DATA TO USE
☆ ☆ ☆ ☆ ☆ ☆ ☆

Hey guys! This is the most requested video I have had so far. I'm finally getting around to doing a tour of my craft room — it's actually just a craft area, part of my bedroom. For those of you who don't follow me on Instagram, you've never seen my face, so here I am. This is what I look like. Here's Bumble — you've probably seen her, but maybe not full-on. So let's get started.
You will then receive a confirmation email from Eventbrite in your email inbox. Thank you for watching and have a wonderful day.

☆ ☆ ☆ ☆ ☆ ☆ ☆

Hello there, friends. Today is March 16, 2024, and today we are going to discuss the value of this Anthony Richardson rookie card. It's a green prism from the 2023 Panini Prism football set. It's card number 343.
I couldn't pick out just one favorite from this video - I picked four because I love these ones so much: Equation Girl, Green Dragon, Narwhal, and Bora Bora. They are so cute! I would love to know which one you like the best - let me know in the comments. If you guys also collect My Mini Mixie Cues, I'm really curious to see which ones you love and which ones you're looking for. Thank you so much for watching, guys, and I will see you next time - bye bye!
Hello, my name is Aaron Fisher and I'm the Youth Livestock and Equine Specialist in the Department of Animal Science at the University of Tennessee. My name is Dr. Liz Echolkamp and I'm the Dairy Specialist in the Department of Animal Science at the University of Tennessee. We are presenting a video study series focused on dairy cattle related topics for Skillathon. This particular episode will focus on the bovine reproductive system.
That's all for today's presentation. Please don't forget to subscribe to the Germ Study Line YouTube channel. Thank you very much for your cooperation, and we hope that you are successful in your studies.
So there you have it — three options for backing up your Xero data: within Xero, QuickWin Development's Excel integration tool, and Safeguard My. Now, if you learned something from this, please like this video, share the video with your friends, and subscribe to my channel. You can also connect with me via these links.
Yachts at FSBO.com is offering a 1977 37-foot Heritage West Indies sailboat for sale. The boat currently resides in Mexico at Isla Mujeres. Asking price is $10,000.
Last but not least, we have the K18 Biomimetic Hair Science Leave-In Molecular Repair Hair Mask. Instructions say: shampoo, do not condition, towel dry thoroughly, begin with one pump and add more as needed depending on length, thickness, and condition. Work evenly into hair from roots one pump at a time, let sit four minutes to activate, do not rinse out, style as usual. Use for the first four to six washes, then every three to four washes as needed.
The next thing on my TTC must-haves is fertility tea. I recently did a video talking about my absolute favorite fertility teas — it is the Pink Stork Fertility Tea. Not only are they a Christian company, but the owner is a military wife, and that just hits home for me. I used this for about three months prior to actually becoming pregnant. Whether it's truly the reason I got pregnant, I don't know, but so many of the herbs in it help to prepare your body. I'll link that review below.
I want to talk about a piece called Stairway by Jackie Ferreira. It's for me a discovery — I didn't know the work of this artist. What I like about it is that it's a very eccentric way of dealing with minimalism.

☆ ☆ ☆ ☆ ☆ ☆ ☆

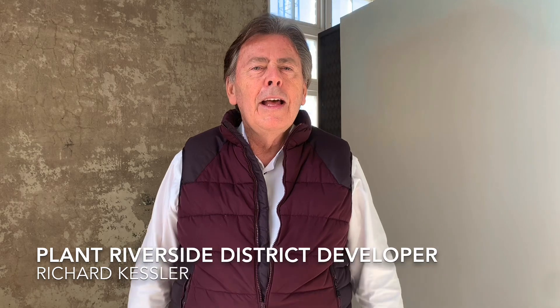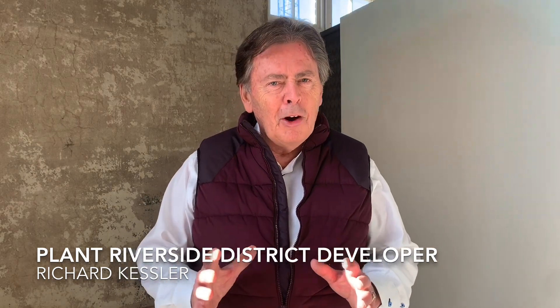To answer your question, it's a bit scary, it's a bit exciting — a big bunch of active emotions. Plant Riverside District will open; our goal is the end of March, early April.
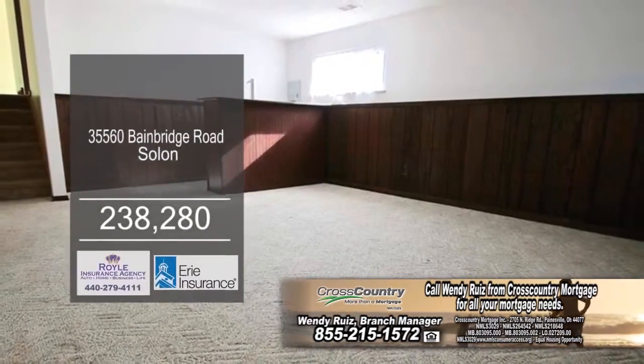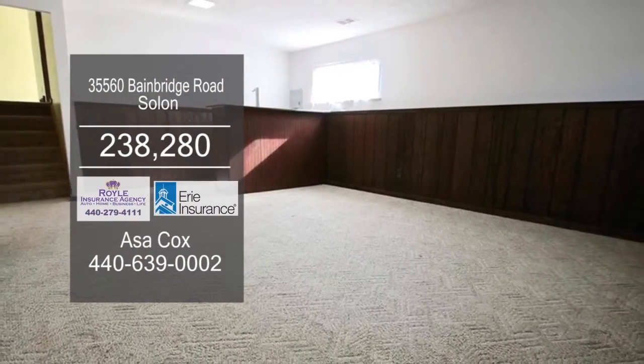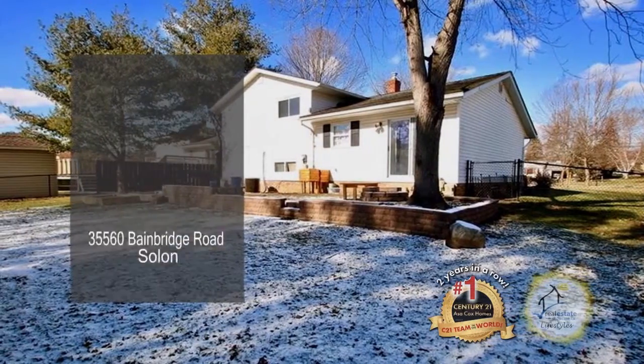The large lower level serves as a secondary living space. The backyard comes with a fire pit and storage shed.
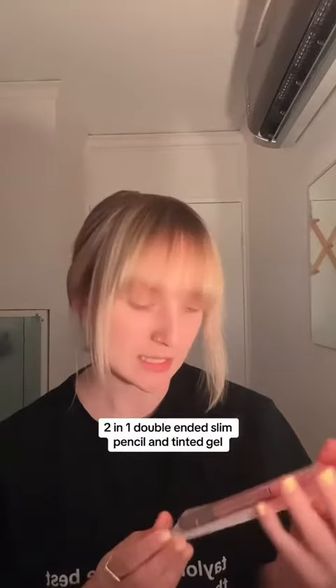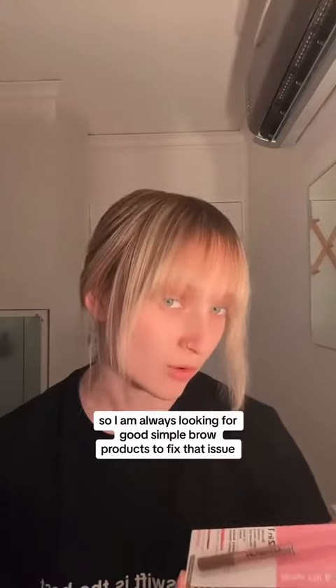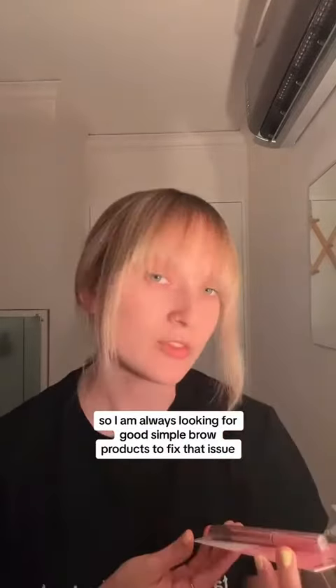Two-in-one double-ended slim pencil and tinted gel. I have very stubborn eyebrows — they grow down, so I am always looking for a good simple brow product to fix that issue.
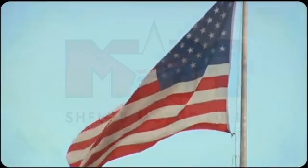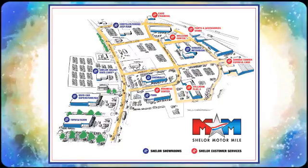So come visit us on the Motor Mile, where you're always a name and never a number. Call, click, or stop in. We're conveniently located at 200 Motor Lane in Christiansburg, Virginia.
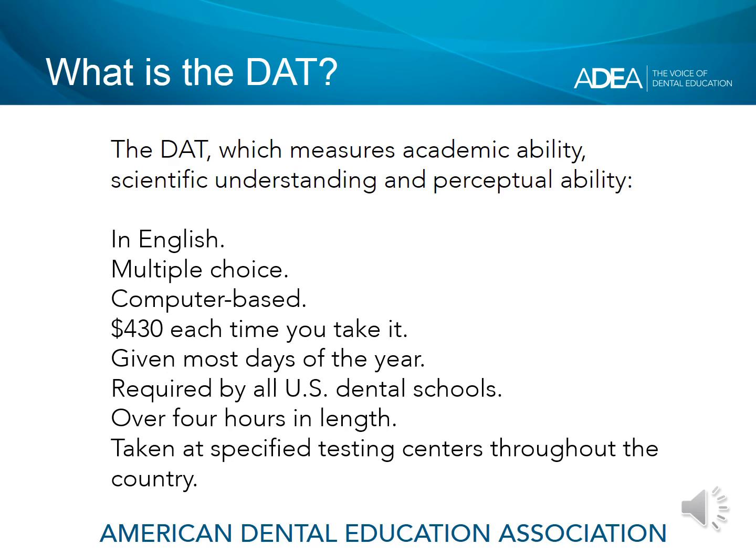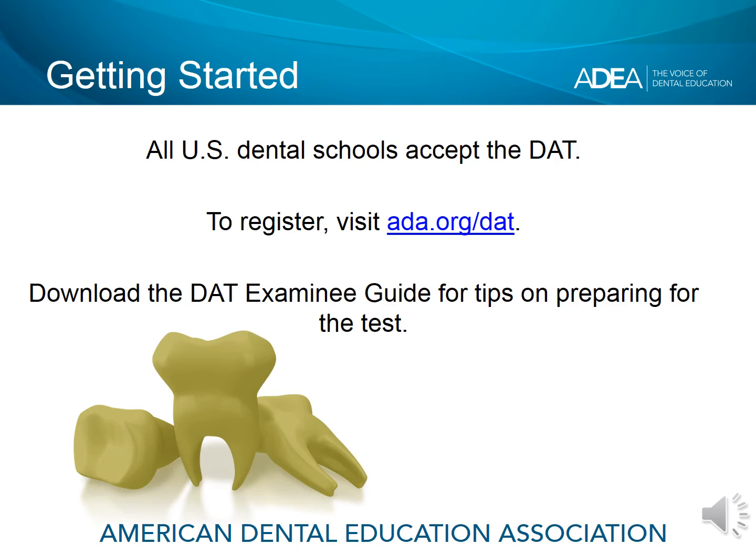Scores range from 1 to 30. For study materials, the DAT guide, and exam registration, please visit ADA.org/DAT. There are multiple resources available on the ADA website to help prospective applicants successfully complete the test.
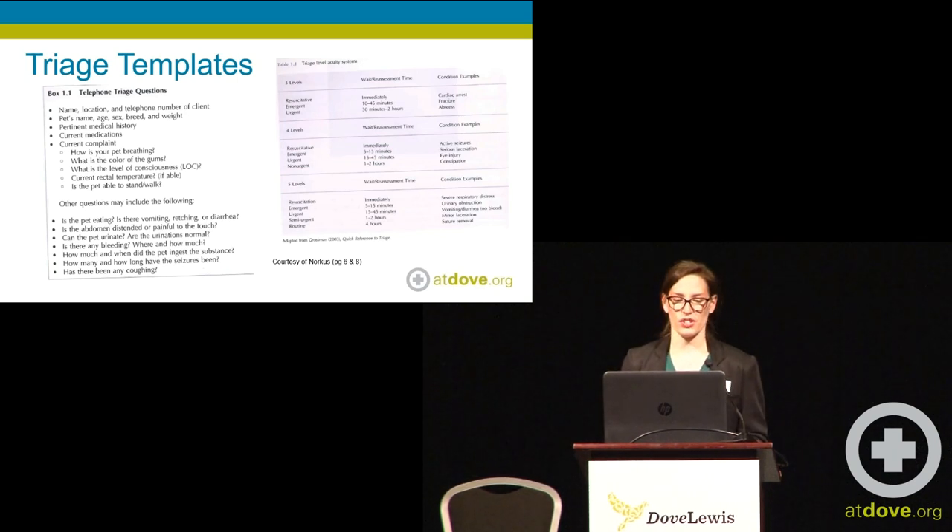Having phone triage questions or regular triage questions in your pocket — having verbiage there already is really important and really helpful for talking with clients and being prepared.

☆ ☆ ☆ ☆ ☆ ☆ ☆

REQUIREMENT
In the preceding material, find each line holding the word "friends" and copy it out.

TASK ANSWER
Hello there, friends. Today is March 16, 2024, and today we are going to discuss the value of this Anthony Richardson rookie card. It's a green prism from the 2023 Panini Prism football set. It's card number 343.
So there you have it — three options for backing up your Xero data: within Xero, QuickWin Development's Excel integration tool, and Safeguard My. Now, if you learned something from this, please like this video, share the video with your friends, and subscribe to my channel. You can also connect with me via these links.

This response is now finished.